1. Think about what the others are saying or doing.
2. Think about how you are feeling.
3. Ask yourself "are my friends trying to persuade me to do something?"
4. Decide if you want to be influenced (consider consequences).
5. Act on your decision.
Definition: Peer pressure occurs when your peers are trying to influence your decisions or behavior.
Rationale: Your decisions should be thoughtful choices that consider potential outcomes, long and short term needs and goals, and are rational. While it is OK to listen to input from a variety of sources including peers, it is not OK to feel pressure to conform to the wishes of someone else. Anytime coercion, manipulation, or undue pressure are involved, utilize the skill steps to help make your own good choices.
• Provide situations in which one or more people are pressuring another person. From these situations, have the students arrive at a definition of peer pressure through deductive reasoning.
• Brainstorm a list of situations in which students receive peer pressure.
• Have a discussion in which students suggest ways of saying "no" to various types of peer pressure.
• Have students identify times when peer pressure may be beneficial.
Model/Role-play with Feedback
• Students are asked to watch or find television or magazine advertisements which show children their own age.

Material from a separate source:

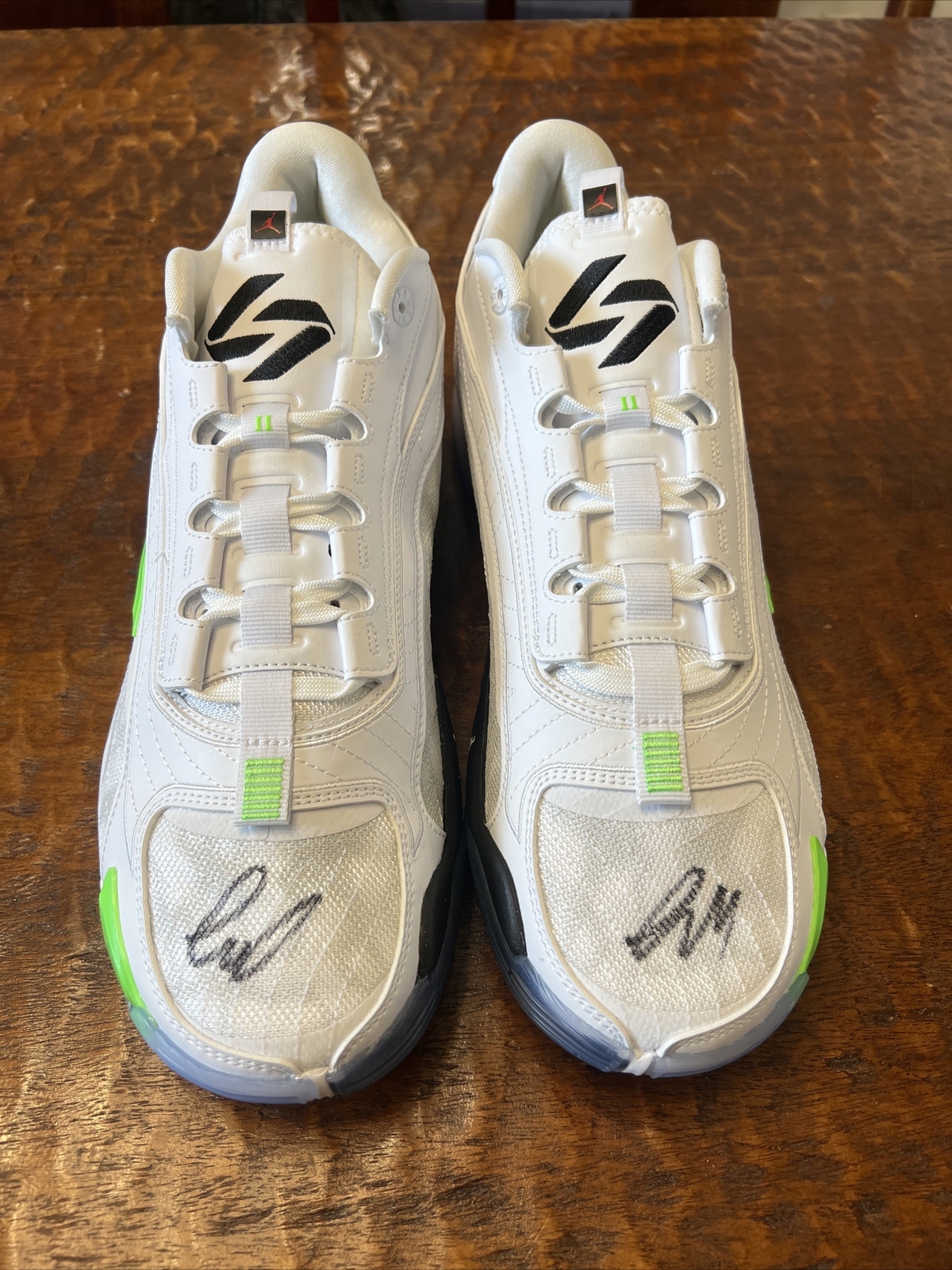 LUKA DONCIC Signed Jordan Luka 2 Shoes PSA DNA  Autographed Mavericks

Students are to identify how peer pressure is shown (words, actions, dress, etc.) and what the purpose of the ad is. Students also identify whether they view the message as beneficial or detrimental.
• Students are asked to keep track of any incident in which they experience any form of peer pressure over an assigned interval (2 days for example). Students give self report to class in small groups.
Role play situations:
• Your friend wants you to try his alcoholic beverage.
• Your friends want to egg someone's house and car.
• Your friend wants you to steal a magazine.
• Your friend wants you to sneak out and meet him after curfew.
• Your brother wants you to take money from your mother's wallet to order a pizza.
• Your friend asks you to skip school and ride in his new car.
• A friend wants you to take someone's lunch money for him.
• Your neighbor overpays you for a lawn job and forgets to ask for the extra back; your friends want you to keep it.
• Your friends try to talk you into using your house for a party when your parents are out of town.
• A group of kids want you to come to a party with no adult supervision which is against your family rules.
Application with Feedback
• Half of the class are assigned to be "observers" and the other half, "skill users". On the first day, if an observer sees a skill user experiencing a form of peer pressure, he verifies it with the student. Roles are reversed the following day.